En días pasados fue arteramente asesinado un joven profesionista, con gran preparación académica, y prometedor futuro en la administración pública, a manos de verdugos anónimos que se sintieron Fuenteovejuna y, llevados por rumores y sin derecho a una defensa, decidieron en juicio sumario condenar al inerme trabajador del Poder Legislativo, paisano de sus victimarios -su padre era de ese poblado de Huauchinango- y lo inmolaron. Quiénes son el remedo de Fuenteovejuna, la treintena de instigadores que lo apresaron y golpearon, o los doscientos obnubilados pobladores que en la cancha municipal lo quemaron. Es irrelevante sacar del anonimato a estos sedicentes vengadores de inexistente secuestrador de niños. Esa escena se repite muchas veces a lo largo del territorio nacional; el pretexto es el mismo, acusar a extraños de robo de infantes; lo padecieron policías federales en Tláhuac, donde la turba mató a dos agentes y dejó inválido a un tercero. De poco consuelo es saber que Puebla es la entidad con más linchamientos o rememorar que hace 50 años, en Canoa sacrificaron a cinco trabajadores de la Universidad poblana con el argumento de que eran comunistas.
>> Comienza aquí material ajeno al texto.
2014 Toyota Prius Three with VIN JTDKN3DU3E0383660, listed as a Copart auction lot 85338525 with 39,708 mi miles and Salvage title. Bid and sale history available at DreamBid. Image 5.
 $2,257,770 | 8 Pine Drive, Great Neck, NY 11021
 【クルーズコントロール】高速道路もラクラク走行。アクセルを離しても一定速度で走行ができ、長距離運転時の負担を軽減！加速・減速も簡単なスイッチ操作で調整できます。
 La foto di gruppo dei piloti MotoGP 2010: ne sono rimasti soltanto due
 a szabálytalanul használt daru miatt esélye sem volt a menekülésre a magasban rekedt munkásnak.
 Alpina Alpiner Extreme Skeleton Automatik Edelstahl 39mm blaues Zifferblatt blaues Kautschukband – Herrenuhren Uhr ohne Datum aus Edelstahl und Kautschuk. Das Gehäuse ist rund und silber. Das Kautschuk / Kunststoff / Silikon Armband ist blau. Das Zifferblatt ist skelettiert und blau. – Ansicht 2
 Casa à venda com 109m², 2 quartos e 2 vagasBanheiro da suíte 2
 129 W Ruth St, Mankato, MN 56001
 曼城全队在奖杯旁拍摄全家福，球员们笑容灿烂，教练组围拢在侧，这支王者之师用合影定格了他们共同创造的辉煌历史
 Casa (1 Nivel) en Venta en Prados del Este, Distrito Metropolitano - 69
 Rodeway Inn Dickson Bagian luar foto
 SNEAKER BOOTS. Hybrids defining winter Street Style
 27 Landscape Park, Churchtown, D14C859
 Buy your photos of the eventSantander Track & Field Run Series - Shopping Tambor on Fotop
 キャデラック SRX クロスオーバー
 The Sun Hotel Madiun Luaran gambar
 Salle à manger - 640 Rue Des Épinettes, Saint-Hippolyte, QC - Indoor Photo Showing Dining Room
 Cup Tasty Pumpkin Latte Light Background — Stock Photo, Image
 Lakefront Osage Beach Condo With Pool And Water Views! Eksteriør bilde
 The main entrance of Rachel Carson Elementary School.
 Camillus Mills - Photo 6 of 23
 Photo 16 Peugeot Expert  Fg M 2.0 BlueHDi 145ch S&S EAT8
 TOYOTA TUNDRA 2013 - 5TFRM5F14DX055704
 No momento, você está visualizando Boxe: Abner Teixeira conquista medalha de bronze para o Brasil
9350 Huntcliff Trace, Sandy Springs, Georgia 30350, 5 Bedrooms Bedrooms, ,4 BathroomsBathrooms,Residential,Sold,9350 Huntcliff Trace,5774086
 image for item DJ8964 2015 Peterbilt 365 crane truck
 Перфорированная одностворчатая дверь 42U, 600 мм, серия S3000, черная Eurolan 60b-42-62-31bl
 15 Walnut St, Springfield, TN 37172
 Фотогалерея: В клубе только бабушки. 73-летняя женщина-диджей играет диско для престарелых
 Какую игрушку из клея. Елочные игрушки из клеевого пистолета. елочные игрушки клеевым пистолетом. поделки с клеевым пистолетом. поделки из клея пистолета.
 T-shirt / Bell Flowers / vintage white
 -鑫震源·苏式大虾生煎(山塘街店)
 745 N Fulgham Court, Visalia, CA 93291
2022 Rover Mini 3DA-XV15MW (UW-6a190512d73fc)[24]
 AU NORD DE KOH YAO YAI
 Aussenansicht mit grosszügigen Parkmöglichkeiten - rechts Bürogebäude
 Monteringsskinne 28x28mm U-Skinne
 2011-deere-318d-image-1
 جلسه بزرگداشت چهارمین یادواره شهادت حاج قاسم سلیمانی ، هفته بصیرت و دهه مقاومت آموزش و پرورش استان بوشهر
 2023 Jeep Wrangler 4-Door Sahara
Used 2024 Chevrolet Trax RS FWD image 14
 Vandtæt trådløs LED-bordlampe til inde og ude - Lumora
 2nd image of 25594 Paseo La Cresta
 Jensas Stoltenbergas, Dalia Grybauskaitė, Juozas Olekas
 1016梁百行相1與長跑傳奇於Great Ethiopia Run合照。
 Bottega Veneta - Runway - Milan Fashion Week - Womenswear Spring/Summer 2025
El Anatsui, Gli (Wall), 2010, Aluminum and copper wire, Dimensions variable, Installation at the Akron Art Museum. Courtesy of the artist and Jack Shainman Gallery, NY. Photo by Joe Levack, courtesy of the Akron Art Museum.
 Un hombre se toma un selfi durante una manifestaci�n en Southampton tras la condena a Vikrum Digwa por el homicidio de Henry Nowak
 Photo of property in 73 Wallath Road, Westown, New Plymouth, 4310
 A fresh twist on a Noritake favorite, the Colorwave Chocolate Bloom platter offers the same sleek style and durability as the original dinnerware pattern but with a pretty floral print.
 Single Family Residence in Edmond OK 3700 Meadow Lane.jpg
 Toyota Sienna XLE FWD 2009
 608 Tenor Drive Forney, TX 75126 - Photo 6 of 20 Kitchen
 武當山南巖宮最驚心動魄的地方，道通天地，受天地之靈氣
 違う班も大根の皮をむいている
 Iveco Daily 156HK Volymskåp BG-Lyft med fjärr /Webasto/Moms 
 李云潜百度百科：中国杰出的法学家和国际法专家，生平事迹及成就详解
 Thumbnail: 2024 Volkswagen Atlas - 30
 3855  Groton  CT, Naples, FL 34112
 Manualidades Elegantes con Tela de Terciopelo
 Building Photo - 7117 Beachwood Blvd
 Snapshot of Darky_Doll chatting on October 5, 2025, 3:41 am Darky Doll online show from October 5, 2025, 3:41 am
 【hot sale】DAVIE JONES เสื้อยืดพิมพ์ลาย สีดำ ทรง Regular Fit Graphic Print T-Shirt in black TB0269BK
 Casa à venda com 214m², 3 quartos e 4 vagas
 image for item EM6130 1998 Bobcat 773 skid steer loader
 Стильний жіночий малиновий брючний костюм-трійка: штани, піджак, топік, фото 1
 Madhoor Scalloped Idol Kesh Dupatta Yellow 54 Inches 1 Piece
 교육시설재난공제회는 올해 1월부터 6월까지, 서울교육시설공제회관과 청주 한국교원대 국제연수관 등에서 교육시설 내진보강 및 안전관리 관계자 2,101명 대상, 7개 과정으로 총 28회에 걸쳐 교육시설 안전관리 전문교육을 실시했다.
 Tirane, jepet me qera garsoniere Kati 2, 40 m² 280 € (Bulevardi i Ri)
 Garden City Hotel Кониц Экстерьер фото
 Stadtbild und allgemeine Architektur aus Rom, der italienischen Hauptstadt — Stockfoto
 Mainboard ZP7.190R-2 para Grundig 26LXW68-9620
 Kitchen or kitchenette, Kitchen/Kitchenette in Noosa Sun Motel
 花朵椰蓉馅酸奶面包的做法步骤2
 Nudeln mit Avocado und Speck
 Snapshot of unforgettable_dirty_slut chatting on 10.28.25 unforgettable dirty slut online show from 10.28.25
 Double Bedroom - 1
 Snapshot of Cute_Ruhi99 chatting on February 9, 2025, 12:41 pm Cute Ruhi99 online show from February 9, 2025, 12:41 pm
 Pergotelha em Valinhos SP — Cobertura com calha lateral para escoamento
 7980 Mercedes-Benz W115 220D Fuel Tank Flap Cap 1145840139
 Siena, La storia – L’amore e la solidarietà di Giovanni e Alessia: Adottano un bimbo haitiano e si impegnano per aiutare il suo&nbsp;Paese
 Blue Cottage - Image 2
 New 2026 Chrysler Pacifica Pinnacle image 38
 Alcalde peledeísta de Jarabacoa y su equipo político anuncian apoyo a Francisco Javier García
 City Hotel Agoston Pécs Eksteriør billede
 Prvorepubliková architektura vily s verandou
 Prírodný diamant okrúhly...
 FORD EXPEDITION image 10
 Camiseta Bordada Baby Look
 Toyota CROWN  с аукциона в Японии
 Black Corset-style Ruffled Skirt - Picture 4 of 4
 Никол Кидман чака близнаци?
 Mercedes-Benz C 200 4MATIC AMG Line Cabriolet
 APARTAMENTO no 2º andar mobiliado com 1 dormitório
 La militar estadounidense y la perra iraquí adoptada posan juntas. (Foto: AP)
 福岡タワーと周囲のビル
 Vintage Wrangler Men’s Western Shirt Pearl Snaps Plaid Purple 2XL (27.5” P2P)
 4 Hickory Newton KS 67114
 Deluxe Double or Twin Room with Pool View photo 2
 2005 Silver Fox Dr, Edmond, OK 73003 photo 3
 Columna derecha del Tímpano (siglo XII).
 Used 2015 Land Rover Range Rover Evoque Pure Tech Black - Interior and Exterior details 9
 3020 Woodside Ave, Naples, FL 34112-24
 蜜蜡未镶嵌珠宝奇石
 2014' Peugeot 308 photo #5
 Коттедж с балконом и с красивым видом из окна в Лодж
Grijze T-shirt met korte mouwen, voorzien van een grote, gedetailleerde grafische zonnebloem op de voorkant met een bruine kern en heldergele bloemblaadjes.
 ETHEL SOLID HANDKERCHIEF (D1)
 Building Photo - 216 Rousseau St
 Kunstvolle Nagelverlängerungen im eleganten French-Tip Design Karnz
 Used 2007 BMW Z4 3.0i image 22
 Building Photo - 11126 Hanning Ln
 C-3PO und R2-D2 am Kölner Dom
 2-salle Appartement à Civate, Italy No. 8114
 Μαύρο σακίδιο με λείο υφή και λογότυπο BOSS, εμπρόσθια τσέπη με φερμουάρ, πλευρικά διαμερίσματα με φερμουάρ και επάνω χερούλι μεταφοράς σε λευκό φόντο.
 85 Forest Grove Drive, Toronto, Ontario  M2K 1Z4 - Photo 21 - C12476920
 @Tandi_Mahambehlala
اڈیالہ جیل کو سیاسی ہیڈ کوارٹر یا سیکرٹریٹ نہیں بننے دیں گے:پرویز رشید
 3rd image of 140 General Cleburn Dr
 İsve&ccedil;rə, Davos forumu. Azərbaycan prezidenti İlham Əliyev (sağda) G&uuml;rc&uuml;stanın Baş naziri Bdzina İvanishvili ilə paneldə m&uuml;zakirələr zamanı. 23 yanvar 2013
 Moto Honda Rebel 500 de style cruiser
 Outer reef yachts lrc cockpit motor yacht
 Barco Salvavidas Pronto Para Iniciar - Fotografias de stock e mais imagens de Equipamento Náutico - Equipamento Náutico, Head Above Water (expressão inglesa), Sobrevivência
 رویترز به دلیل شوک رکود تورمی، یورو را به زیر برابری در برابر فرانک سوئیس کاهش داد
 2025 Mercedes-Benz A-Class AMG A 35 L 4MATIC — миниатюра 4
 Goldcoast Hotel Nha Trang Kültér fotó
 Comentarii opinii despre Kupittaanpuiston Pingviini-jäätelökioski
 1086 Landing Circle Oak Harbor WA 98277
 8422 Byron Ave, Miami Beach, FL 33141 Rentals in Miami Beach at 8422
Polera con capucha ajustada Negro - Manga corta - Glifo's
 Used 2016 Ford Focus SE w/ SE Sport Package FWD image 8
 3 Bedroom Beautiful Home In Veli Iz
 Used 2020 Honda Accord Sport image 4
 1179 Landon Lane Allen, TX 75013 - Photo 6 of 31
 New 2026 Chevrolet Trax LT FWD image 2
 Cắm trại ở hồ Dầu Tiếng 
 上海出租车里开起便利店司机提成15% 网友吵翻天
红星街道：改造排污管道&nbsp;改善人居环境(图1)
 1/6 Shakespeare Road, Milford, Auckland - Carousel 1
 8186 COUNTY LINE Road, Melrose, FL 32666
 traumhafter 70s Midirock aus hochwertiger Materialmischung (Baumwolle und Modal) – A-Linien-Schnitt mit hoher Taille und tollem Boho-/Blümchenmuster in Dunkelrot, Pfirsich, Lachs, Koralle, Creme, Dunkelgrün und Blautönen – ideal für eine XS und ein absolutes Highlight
Ante la incompetencia de un Estado fallido, incapaz de proporcionar seguridad y justicia a sus gobernados -función primigenia de todo gobierno-, la población, con razón o sin ella, busca llenar ese vacío de poder. Los instigadores están conscientes de que cometen un delito por aparentar hacer justicia y condenar -sin pruebas-, a inocentes, pero saben que es muy alto su porcentaje de impunidad y baja la probabilidad de ser castigados; se escudan en el anonimato al actuar en masa y contar con la complicidad de los mismos pobladores. Proliferan los inmorales ajusticiamientos y la autoridad no hace nada para prevenirlos o sancionarlos.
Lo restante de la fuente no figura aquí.